The logic of the business lobby, Mr Hardwick continued, is that “if they can cut off funds, they cut off the risk of class actions”.

“Class actions are hugely expensive undertakings and although plaintiff firms can sometimes take cases on a no-win-no-fee basis, there’s a limit to how much risk can be carried by law firms. If litigation funding options are reduced, millions of Australians will be denied access to justice, because it will become less viable to commence class actions. Furthermore, corporate Australia will get a bright signal that the risk of being held accountable has been lifted,” he said.

Elsewhere, Shine Lawyers head of litigation and loss recovery Jan Saddler said her firm would welcome “any opportunity to enhance the outcomes” for clients and group members for class actions – to the extent that all stakeholders are heard.

“We are confident that Parliament will fully explore the pros and cons of this area of practice and recognise that class actions are the only way for people to take action to recover compensation when big business exploits the rights of everyday Australians, thereby endorsing this practice area as a meaningful and valuable pathway to justice for our clients and group members,” she said.

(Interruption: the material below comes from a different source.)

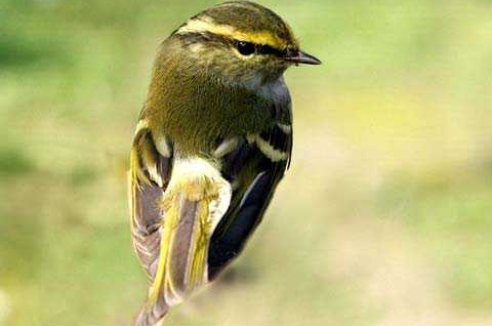 Фото - Наша газета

However, Parliament must, Ms Saddler noted, take the opportunity to hear from all stakeholders in class actions practices, including clients and group members.

“We anticipate that if that is the approach taken by Parliament then we expect a positive outcome for our clients and group members. If, however, Parliament were only to listen to, and take account of the interests of big business, then that would be a dreadful outcome for all Australians and for our country, as it would effectively be a green light to big businesses succeeding over the rights of all Australians,” she said.

Over the course of the inquiry, plaintiff firms will have to remember, Ms Saddler continued, that they represent the interests of those “who do not have the means for taking action against big business”.

“Put simply, if plaintiff lawyers don’t speak up now and support their clients in speaking up, then there is a significant risk that the voice of big business will be heard to the detriment of not only our clients and group members, but the entire community,” she concluded.

“Our clients and group member experiences are always heartbreaking, but even the voice of one client and one group [member] is more powerful and much stronger than the collective voice of big businesses, because big businesses’ objectives are all about profit, whereas our clients and group members are only concerned about what is right for their situation, and the greater good.”

Mr Hardwick supported this, noting it will be “contributing constructively” to the inquiry so the committee is well informed about what’s at stake. 

“We’re realistic that there are key minds on the conservative side of politics that have long been made up on this one. But we also know Australians are unlikely to take kindly to corporations being freed up from the risk of being held accountable, particularly given that a large number of class actions commenced over the last 18 months have arisen from revelations made during the banking royal commission,” the firm submitted.